Stored data
Start of Block

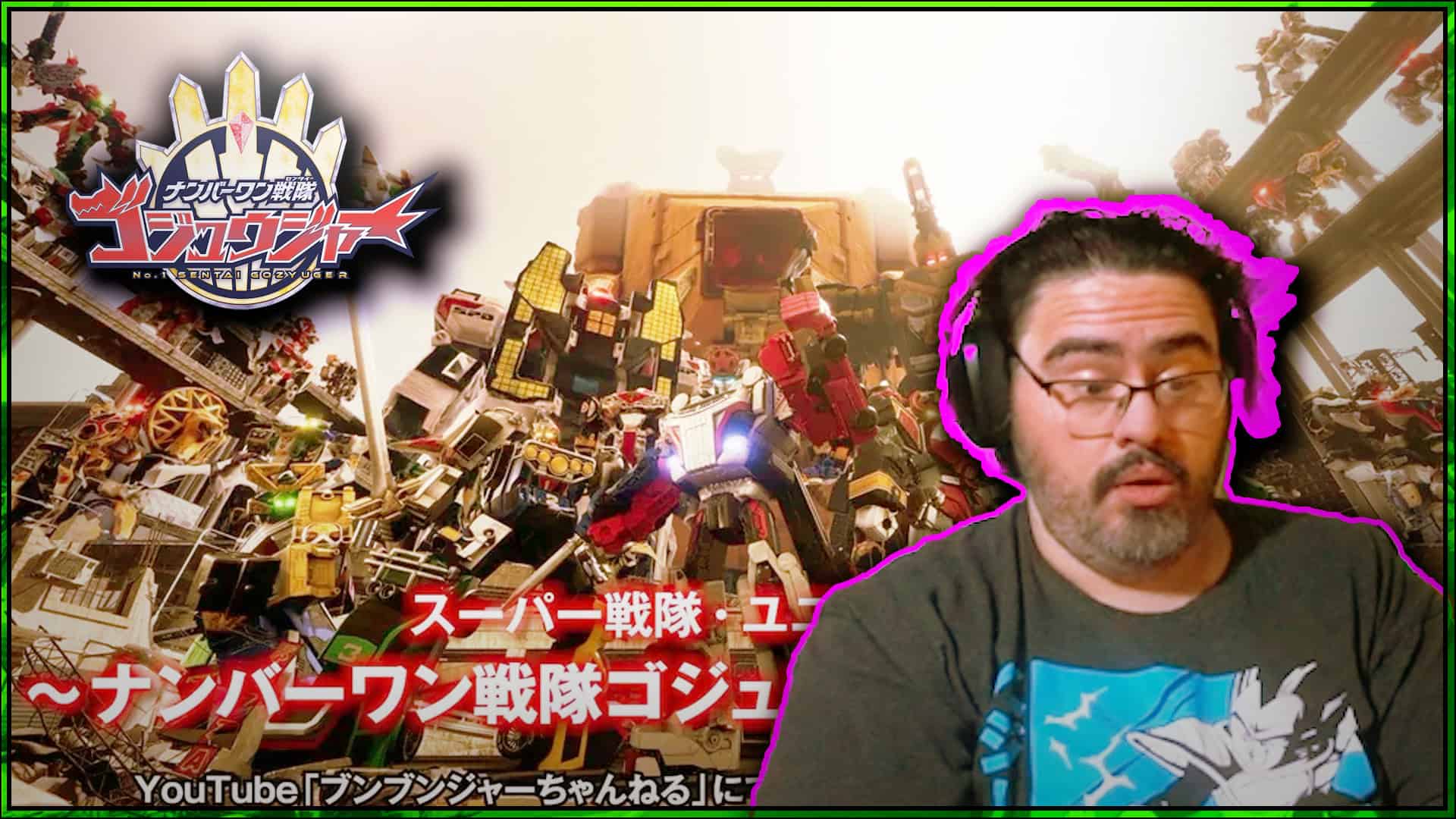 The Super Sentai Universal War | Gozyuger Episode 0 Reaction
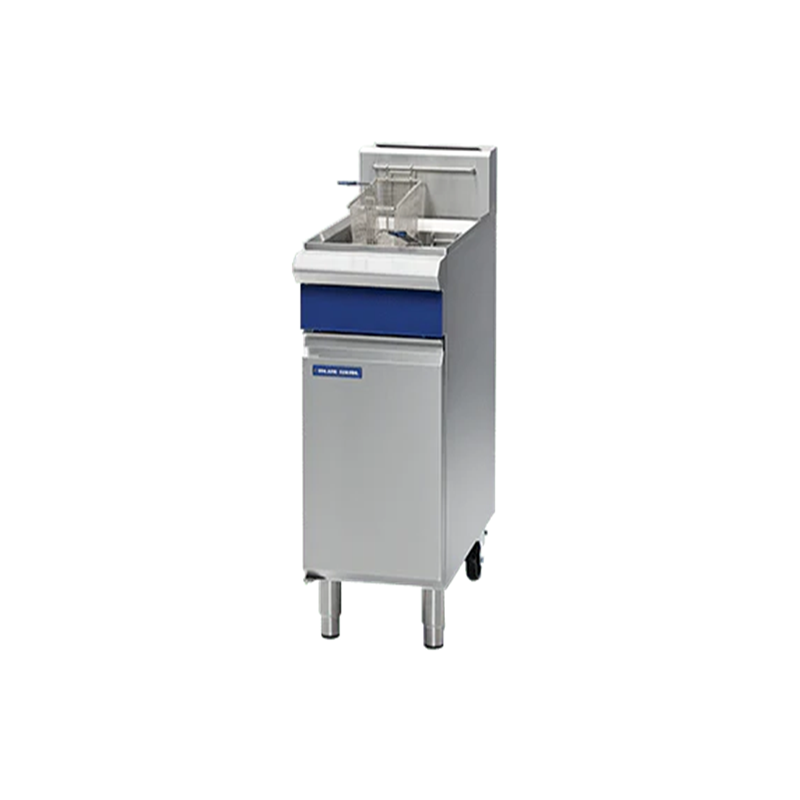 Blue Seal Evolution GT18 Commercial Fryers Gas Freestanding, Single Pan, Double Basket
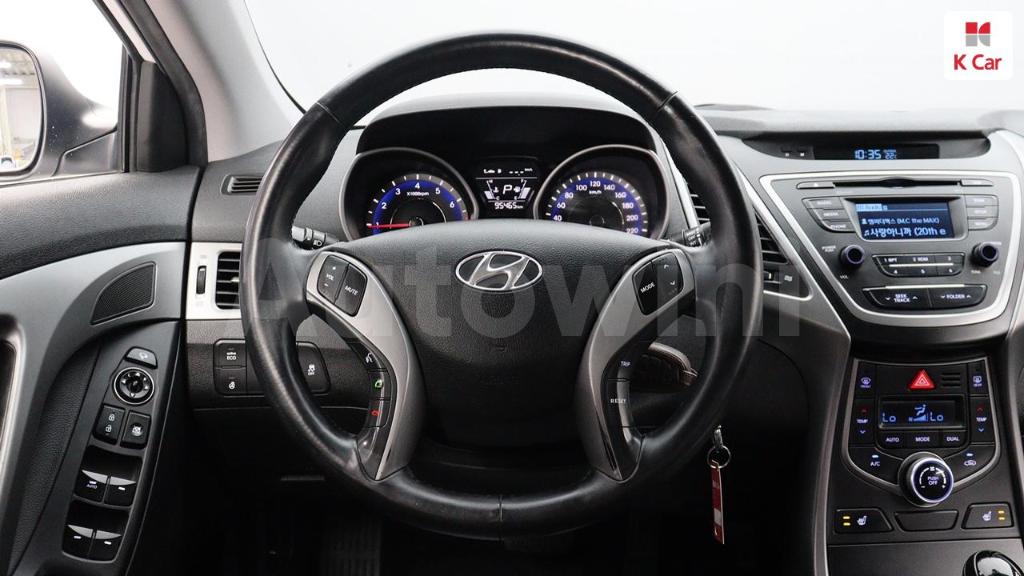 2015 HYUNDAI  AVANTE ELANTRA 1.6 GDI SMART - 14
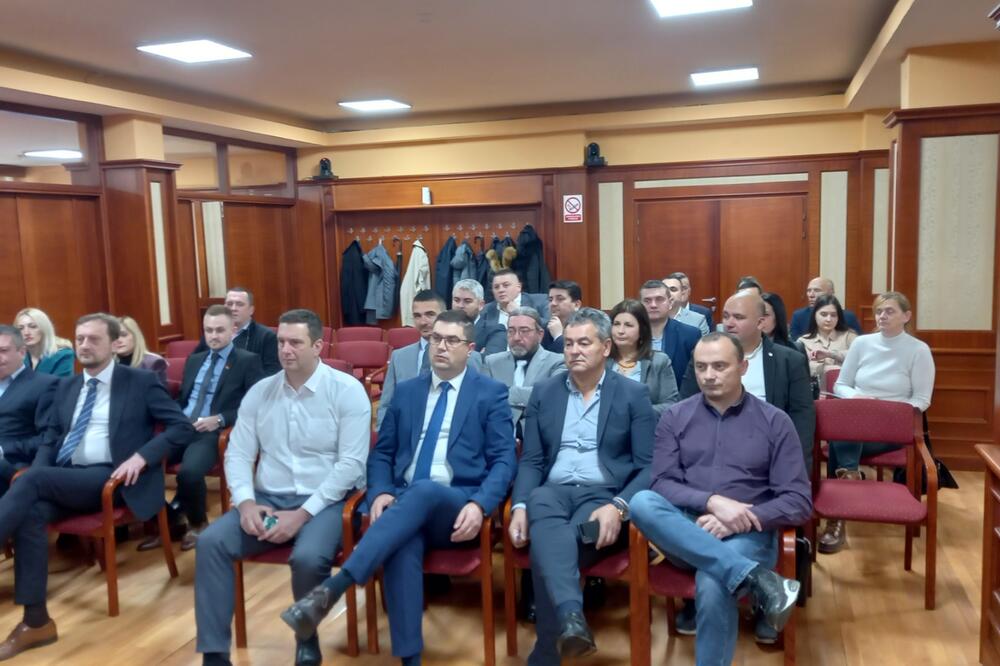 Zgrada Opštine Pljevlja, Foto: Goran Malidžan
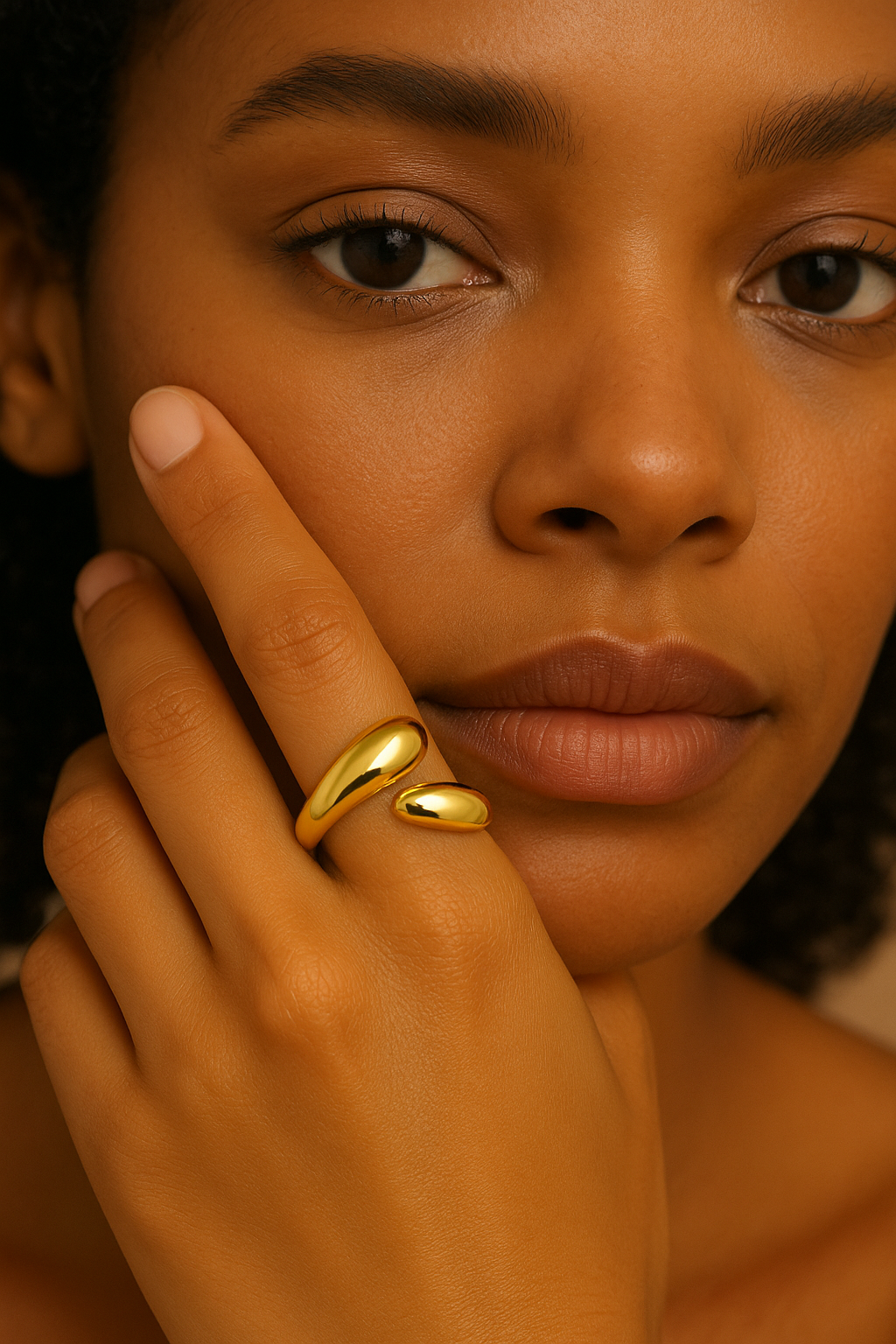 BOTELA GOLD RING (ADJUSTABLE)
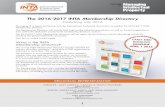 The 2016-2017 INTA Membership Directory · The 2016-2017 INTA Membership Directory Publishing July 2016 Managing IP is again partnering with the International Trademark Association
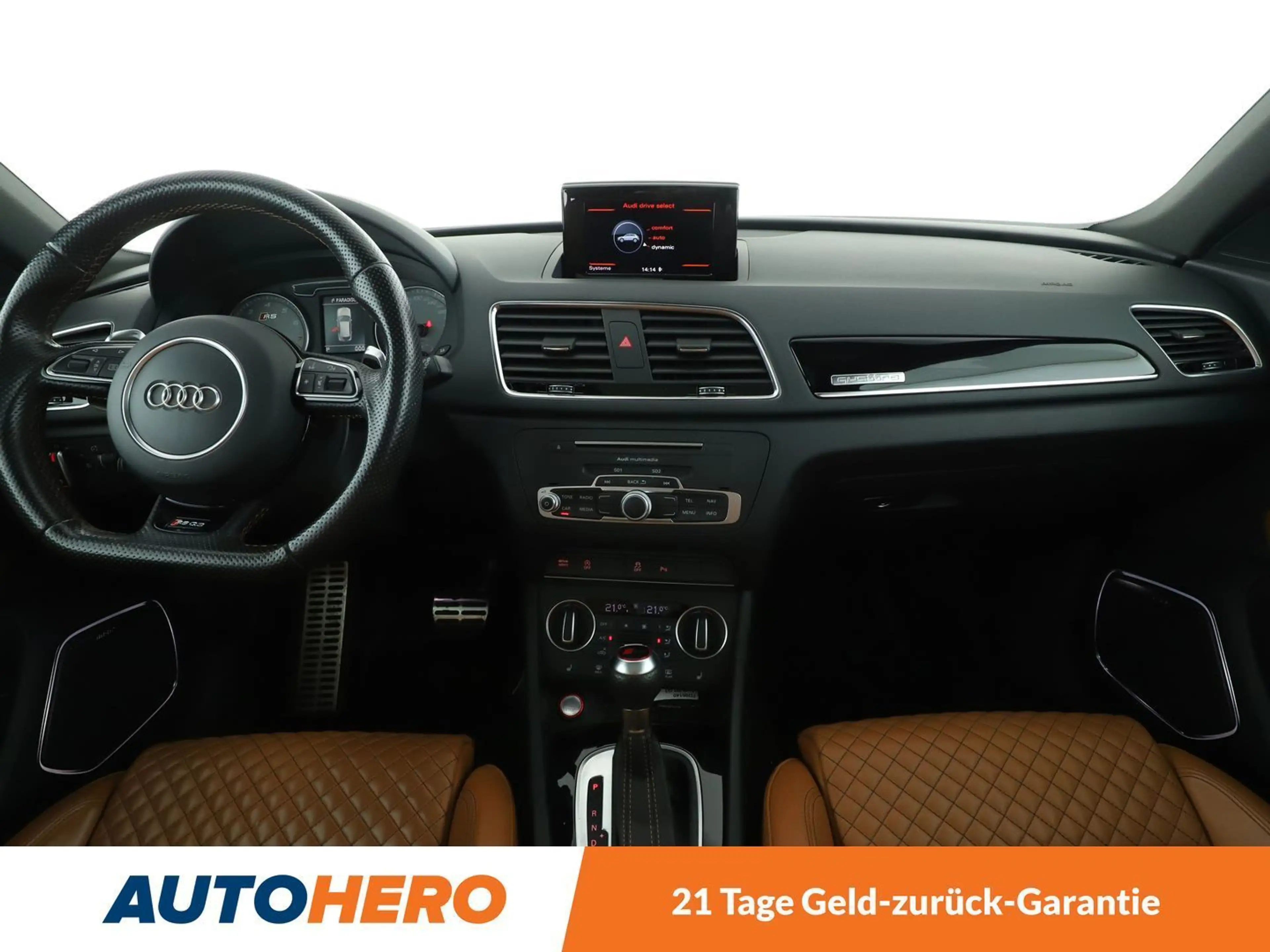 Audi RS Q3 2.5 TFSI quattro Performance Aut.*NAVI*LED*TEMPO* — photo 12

End of Block

**YOUR OBJECTIVE**
Output nothing except an exact copy of the records above, with the images left out.

**ANSWER SPACE**
 The Super Sentai Universal War | Gozyuger Episode 0 Reaction
 Blue Seal Evolution GT18 Commercial Fryers Gas Freestanding, Single Pan, Double Basket
 2015 HYUNDAI  AVANTE ELANTRA 1.6 GDI SMART - 14
 Zgrada Opštine Pljevlja, Foto: Goran Malidžan
 BOTELA GOLD RING (ADJUSTABLE)
 The 2016-2017 INTA Membership Directory · The 2016-2017 INTA Membership Directory Publishing July 2016 Managing IP is again partnering with the International Trademark Association
 Audi RS Q3 2.5 TFSI quattro Performance Aut.*NAVI*LED*TEMPO* — photo 12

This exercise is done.